Mängel. Eine tropfende Stelle an der Küchendecke, häufig ausfallende Heizung, ihre Notdurft verrichtende Obdachlose im Treppenhaus und Dachschäden auf dem Dachboden geben dem Mieter das Recht zur fristlosen Kündigung nach zwei erfolglosen Abmahnungen jeweils im Abstand von einem Monat. Das Kündigungsrecht des Mieters wird durch vorbehaltlose Mietzinszahlungen nicht verwirkt, wenn sich die ursprünglichen Mängel im Laufe der Zeit verschlimmern (LG Berlin, Az. 63 S 99 / 00, aus: Das Grundeigentum 6 / 01, S. 421).

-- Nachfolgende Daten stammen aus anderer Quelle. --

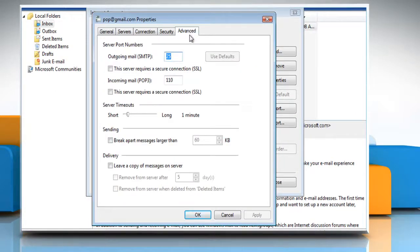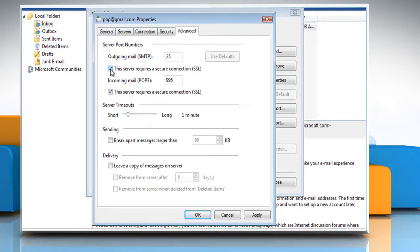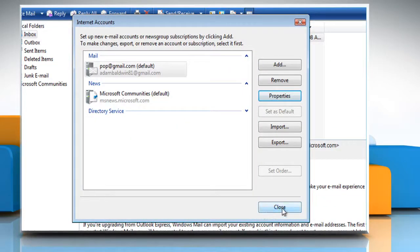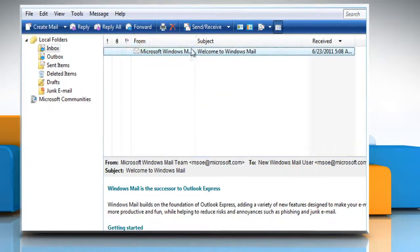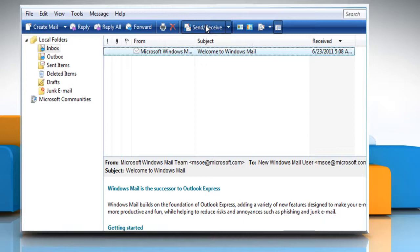If you're having problems receiving email, under Incoming Mail, select the checkbox for 'This server requires a secure connection (SSL).' If you're having problems sending email, under Outgoing Mail, select the checkbox for 'This server requires a secure connection (SSL).' Click OK and then click Close to close the Internet Accounts dialog box after making changes. Click Send/Receive to try to retrieve your email again.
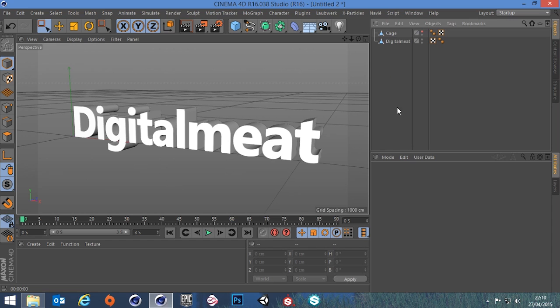Hi guys, it's Sam for DigitalMeet, and in today's tutorial we're going to be looking at the mesh deformer. We're going to be looking at how it can be used, how it'll be useful, and how it can optimize our work.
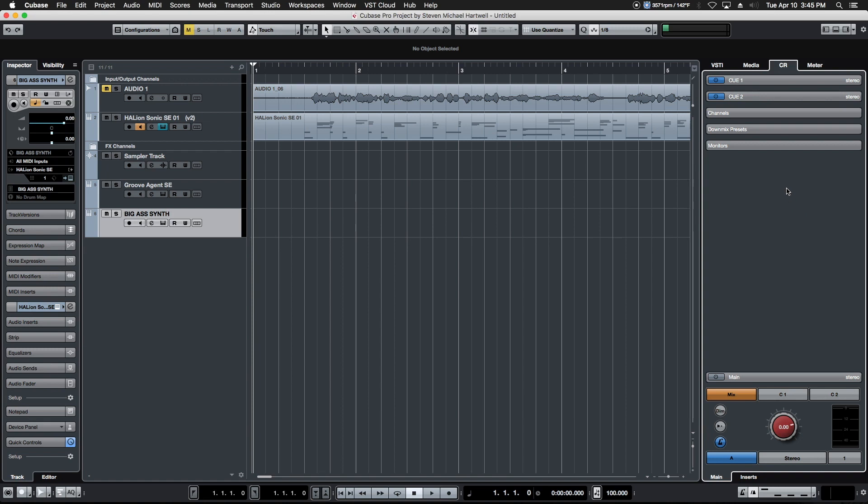We can set up things like headphone cues and we can add additional sources and reference sources. We can do dim soloing, we can do talkback. So that is our control room and it's enabled from this tab right here.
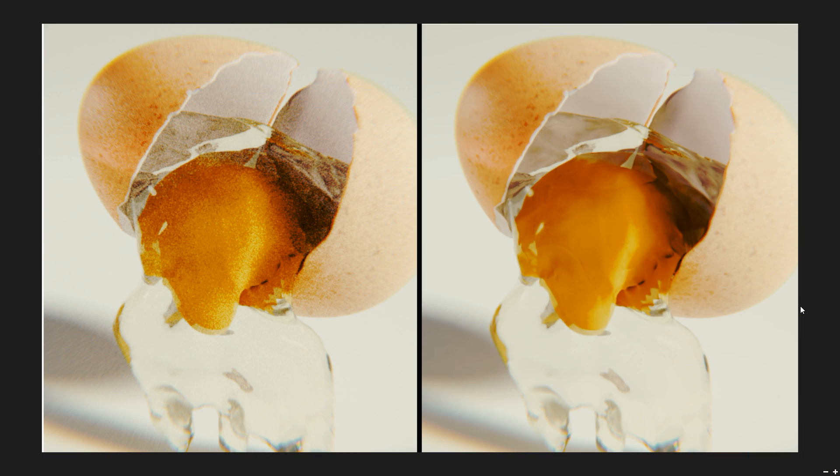G'day guys and welcome to another Blender Buzz tutorial. Today I'm going to be showing you perhaps one of the coolest things I have seen in Blender for quite a while, and that is a new denoising feature.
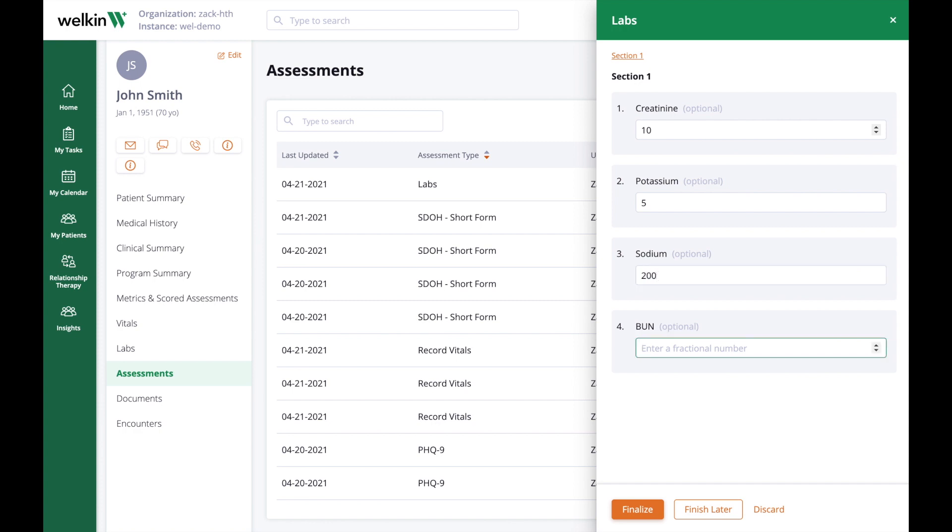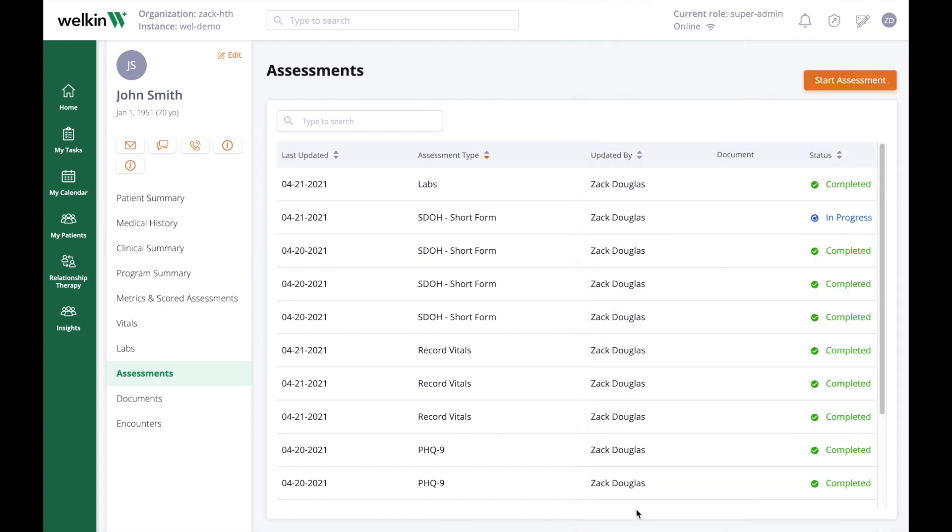If you are unable to finalize an assessment, make sure that there are no mandatory fields that remain empty. If you are still unable to finalize a completed assessment, contact your program administrator so they can review your permissions.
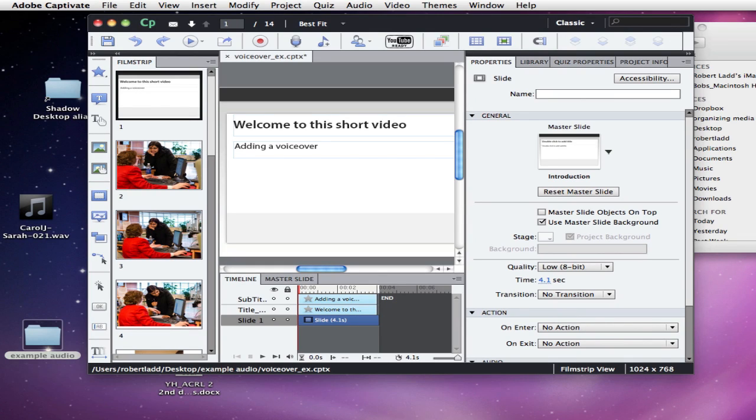In this short video we're going to talk about how to add an audio, or a voiceover in this case, to a Captivate presentation.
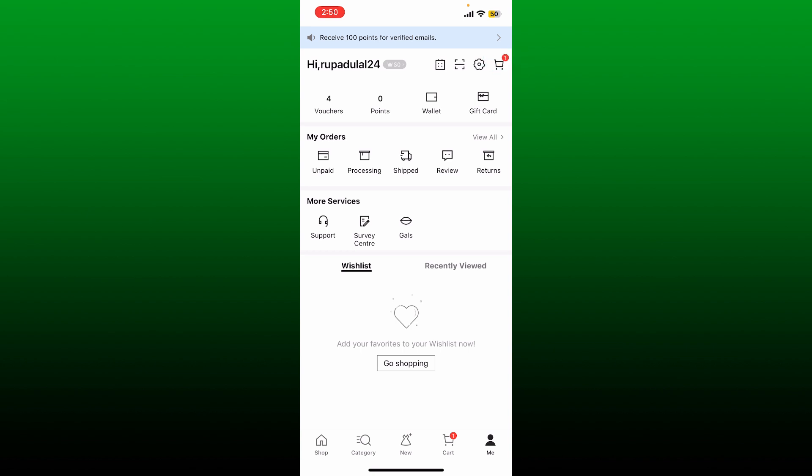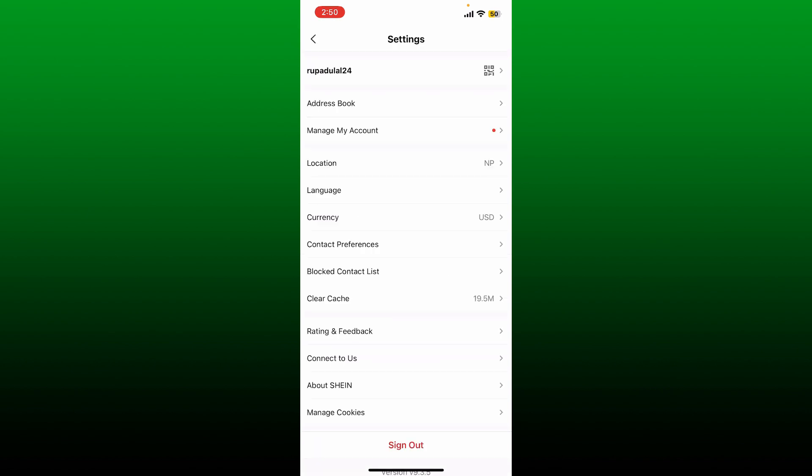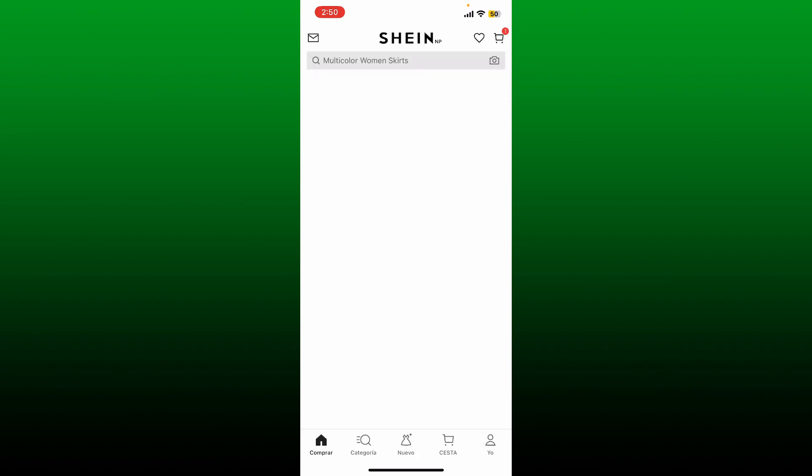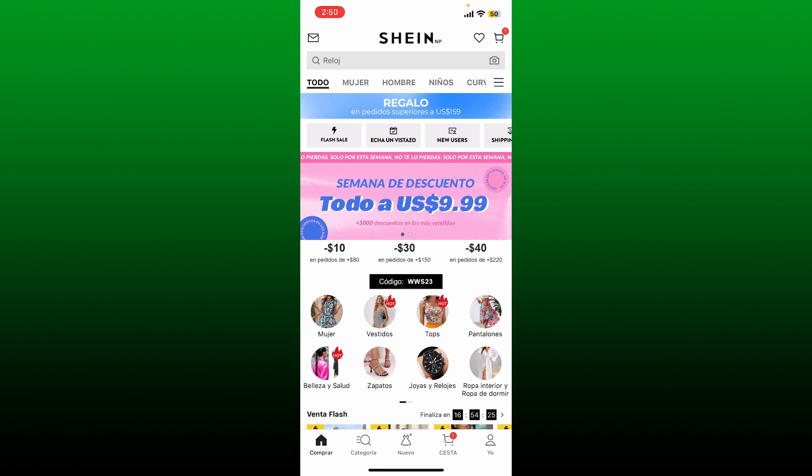And then this will open up the settings page. Tap on 'Language' and select the language you'd like to change to, and you'll be using your Shein account in the preferred language of your choice.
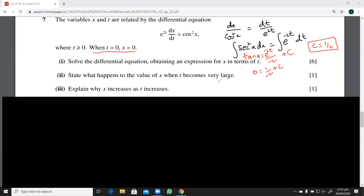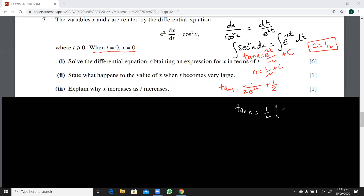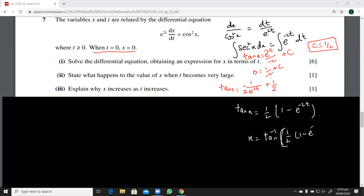Finally this equation is tan x equals minus one over two e raised to power minus 2t plus one half. We need x in terms of t, so we write tan x equals one half times (1 minus e raised to power minus 2t), and therefore x equals arctan of one half times (1 minus e raised to power minus 2t). That is the answer to the first part.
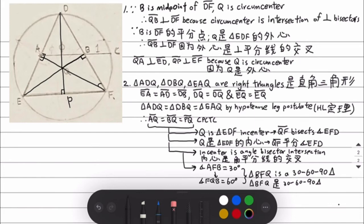Therefore, triangle QFB is a 30-60-90 triangle.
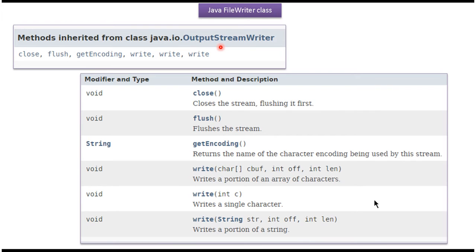FileWriter class extends OutputStreamWriter class, so whatever methods are supported by OutputStreamWriter class will be supported by FileWriter class. Here you can see the write methods — using those, we can write data to text files. And using the close method, we can close the FileWriter.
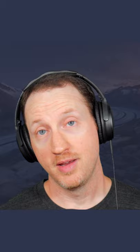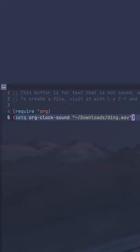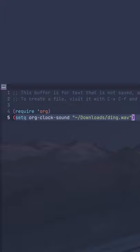And a Pomodoro timer wouldn't be complete without a bell, so let's add one. Just set the variable org clock sound to the path of a .wav file. Now let's run a 2 second timer just to try this out.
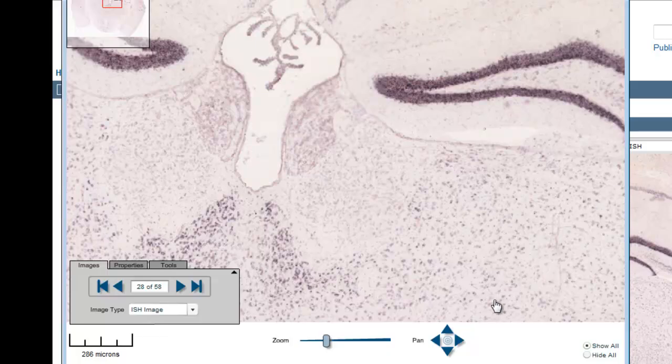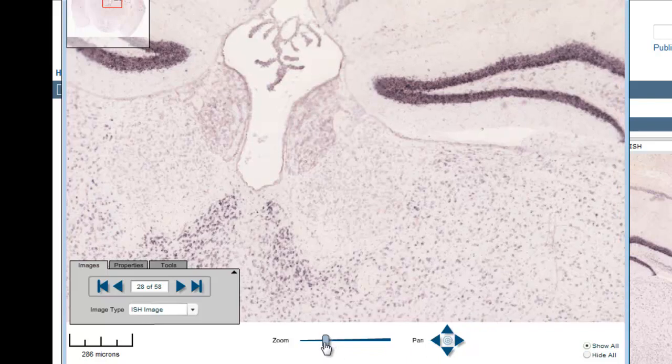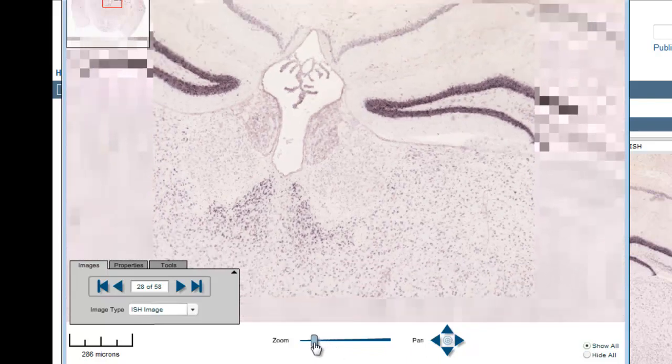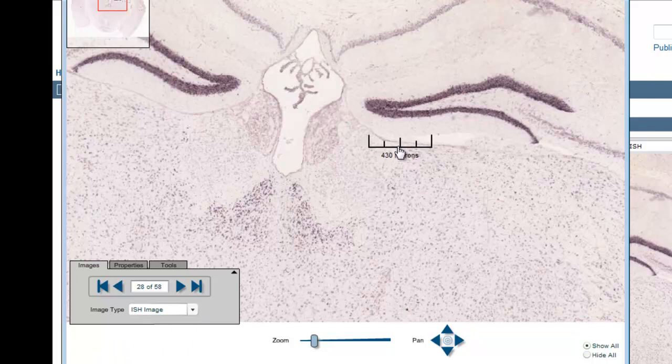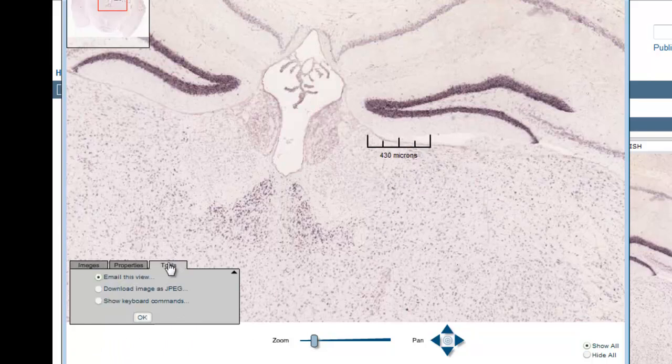In the high resolution image viewer, you can again pan and zoom the image. You can use the scale bar to measure distances in the image, and you can download the image as a JPEG file to your computer.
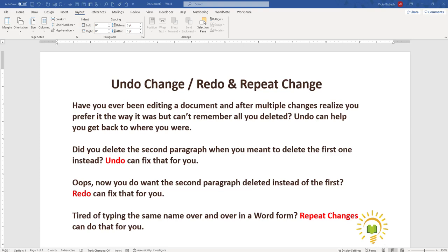Hi! In this video I'm going to walk you through how to utilize the features available with the Undo Change, Redo, and Repeat Change buttons.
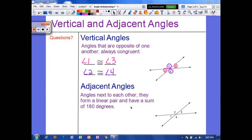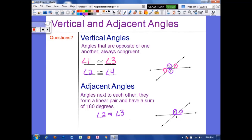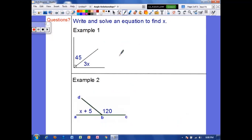Adjacent angles are angles next to each other — they form a linear pair and have a sum of 180 degrees. For example: angles one and two, one and four, four and three, and three and two. Each pair of angles next to each other on the same line forms a linear pair. So two and three, one and four, two and one, and three and four are all examples of linear pairs.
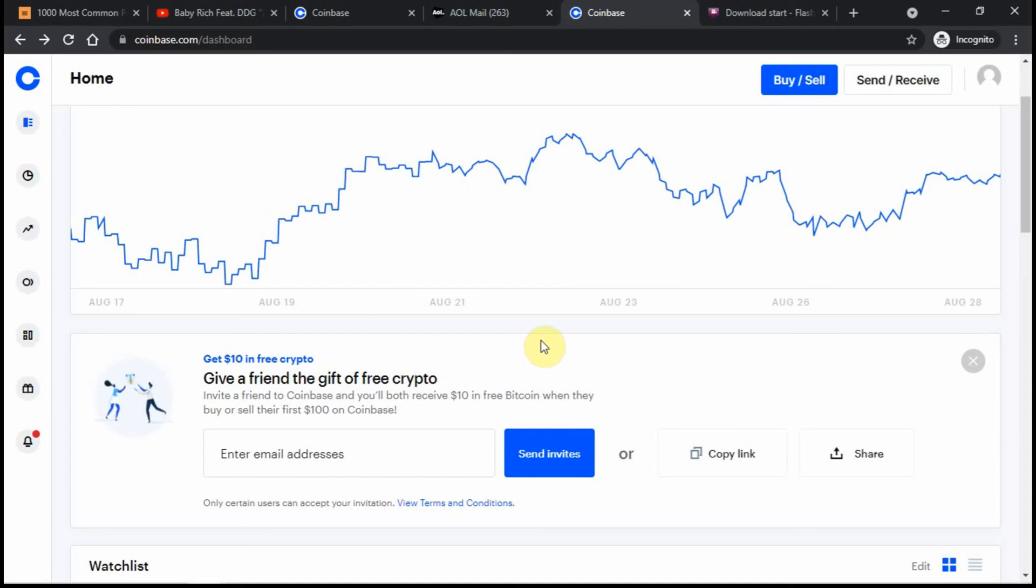Hey, what's up guys, I'm back spreading the good news about crypto. Right now they've been doing this promotion for a while. You just have to use someone's referral link and you get $10 worth of crypto as long as you buy or sell $100 from Coinbase.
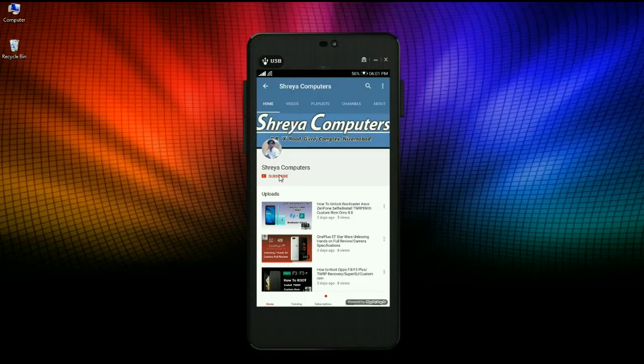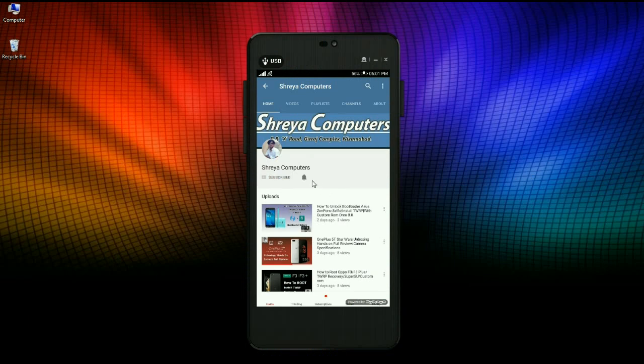Subscribe to our Shreya Computer channel and press the bell icon for the latest technology videos. Hi friends, my name is Shyam and you are watching Shreya Computer Tech Channel.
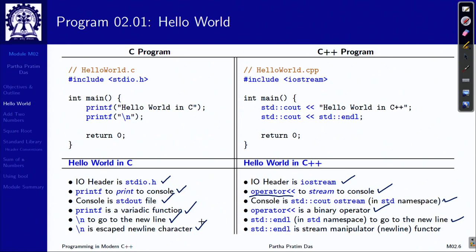std::endl is a stream manipulator that besides putting a new line can actually do more — it is a functor. I'm just trying to show you the parallel between these two.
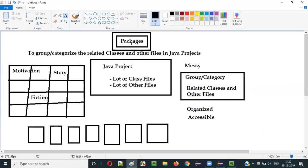The same thing applies to packages. If you have a lot of classes and other files in the same Java project and want to access a particular file, it will be difficult — you have to go through all files. But if you group or categorize the related classes and other files under different packages, things will be more organized and it will be easy to access them. This is the advantage you get using packages. That is the purpose and use of packages in Java.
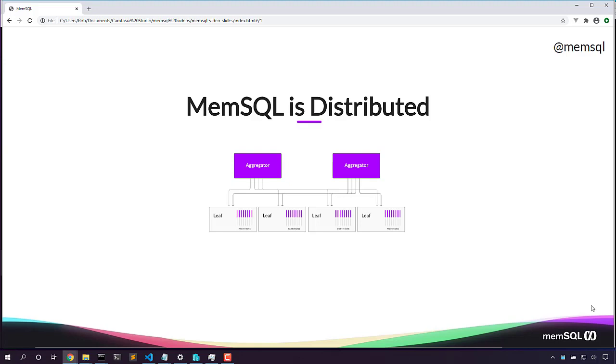MemSQL is a distributed database, so we have lots of boxes doing lots of important tasks. We have aggregators accepting user queries. We have leaf nodes that store data in primary and secondary partitions.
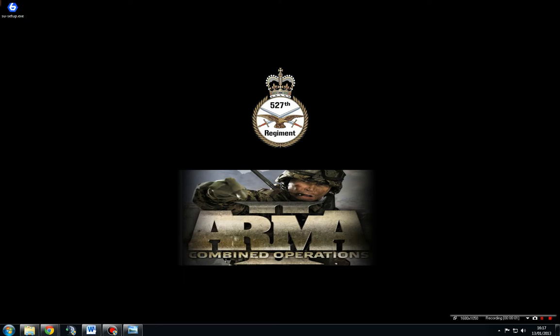Welcome to a 527th training video on how to set up 6updater properly. A lot of new members have come from DayZ and use a program called Play With 6. We actually don't use Play With 6, but one of the older versions called 6updater. I'm going to show you how we set it up and how you can actually install all the mods.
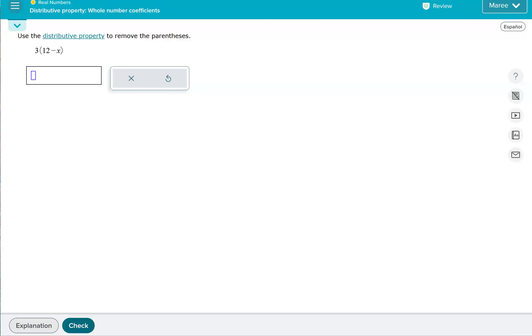This topic is called distributive property and we'll have whole number coefficients. P.S. please subscribe to my channel and you can like any videos that are helpful to you. You're welcome to make comments on videos if you would like.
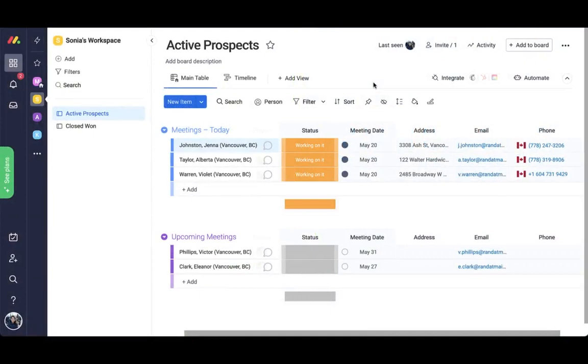Let me show you how Eligio's eTexts app connects with your Twilio account and enables you to send, receive, and track text messages within Monday.com.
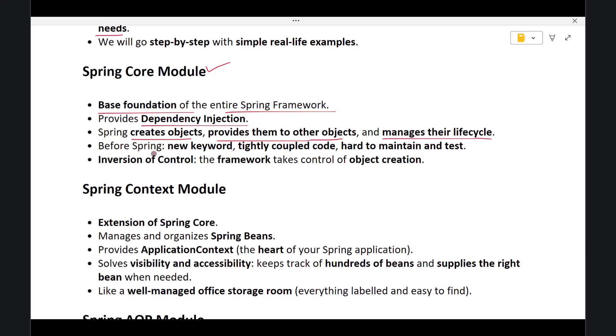Before Spring, developers had to manually create and manage objects using the new keyword, which led to tightly coupled code and made applications hard to maintain and test. Spring Core solves this problem by introducing Inversion of Control—the framework takes control of object creation, not the developer.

Heizungsmodernisierung. 1. Baut eine Mieterhöhung auf einem wegen einer früheren unwirksamen Mieterhöhung unrichtigen Ausgangsmietzins auf, ist sie unwirksam. 2. Eine wirksame Mieterhöhung nach Paragraf 3 des Miethöhegesetzes wegen Energieeinsparung auf Grund des Einbaus einer neuen Heizung erfordert die Beifügung einer Wärmebedarfsberechnung (AG Mitte, Az. 16 C 240 / 00, aus: MieterMagazin 4 / 01, S. 42).

Betriebskosten. Die wirksame Überbürdung von kalten Betriebskosten bedarf im Mietvertrag zumindest eines Hinweises auf die Zweite Berechnungsverordnung (LG Berlin, Az. 62 S 425 / 00, aus: MieterMagazin 4 / 01, S. 40). In der Zweiten Berechnungsverordnung sind alle Arten der zulässigen Betriebskosten aufgelistet. Nur diese Kosten dürfen auf die Mieter umgelegt werden.